**DATA EXTRACT**
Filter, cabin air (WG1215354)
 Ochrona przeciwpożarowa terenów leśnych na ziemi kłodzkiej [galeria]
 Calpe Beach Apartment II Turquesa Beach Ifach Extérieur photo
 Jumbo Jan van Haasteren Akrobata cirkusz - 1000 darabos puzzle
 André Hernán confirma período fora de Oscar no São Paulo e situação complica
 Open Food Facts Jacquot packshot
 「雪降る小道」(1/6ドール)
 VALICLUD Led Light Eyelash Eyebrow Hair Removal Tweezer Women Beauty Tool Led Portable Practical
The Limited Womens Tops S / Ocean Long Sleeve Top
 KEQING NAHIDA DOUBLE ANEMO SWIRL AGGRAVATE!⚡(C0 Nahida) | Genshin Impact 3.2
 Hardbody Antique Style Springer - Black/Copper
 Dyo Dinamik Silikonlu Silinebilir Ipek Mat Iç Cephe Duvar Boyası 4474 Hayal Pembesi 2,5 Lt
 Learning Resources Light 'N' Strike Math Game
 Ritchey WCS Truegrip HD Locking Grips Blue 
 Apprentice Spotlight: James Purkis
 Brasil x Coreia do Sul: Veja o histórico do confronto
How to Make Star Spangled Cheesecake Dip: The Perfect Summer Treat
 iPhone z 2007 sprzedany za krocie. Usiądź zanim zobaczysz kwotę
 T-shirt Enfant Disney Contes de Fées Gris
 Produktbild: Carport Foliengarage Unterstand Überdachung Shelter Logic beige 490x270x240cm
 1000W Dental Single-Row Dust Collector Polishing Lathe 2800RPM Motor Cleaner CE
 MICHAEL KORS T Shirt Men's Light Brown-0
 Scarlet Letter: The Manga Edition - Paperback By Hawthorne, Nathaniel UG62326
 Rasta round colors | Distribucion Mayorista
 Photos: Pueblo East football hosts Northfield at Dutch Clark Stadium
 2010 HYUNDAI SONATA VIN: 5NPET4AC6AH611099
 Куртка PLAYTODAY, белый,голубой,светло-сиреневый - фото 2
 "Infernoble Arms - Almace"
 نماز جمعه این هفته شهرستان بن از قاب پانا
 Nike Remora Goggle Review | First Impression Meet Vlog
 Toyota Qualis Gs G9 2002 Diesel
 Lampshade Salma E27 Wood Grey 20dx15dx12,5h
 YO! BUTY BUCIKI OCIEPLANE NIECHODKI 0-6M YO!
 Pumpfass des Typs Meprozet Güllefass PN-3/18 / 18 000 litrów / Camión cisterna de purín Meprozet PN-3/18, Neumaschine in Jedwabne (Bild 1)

**WHAT YOU HAVE TO DO**
All lines starting at the one holding "Photos: Pueblo East" and ending at the last line above must be output exactly, and no other line may appear.

**EXPECTED ANSWER**
 Photos: Pueblo East football hosts Northfield at Dutch Clark Stadium
 2010 HYUNDAI SONATA VIN: 5NPET4AC6AH611099
 Куртка PLAYTODAY, белый,голубой,светло-сиреневый - фото 2
 "Infernoble Arms - Almace"
 نماز جمعه این هفته شهرستان بن از قاب پانا
 Nike Remora Goggle Review | First Impression Meet Vlog
 Toyota Qualis Gs G9 2002 Diesel
 Lampshade Salma E27 Wood Grey 20dx15dx12,5h
 YO! BUTY BUCIKI OCIEPLANE NIECHODKI 0-6M YO!
 Pumpfass des Typs Meprozet Güllefass PN-3/18 / 18 000 litrów / Camión cisterna de purín Meprozet PN-3/18, Neumaschine in Jedwabne (Bild 1)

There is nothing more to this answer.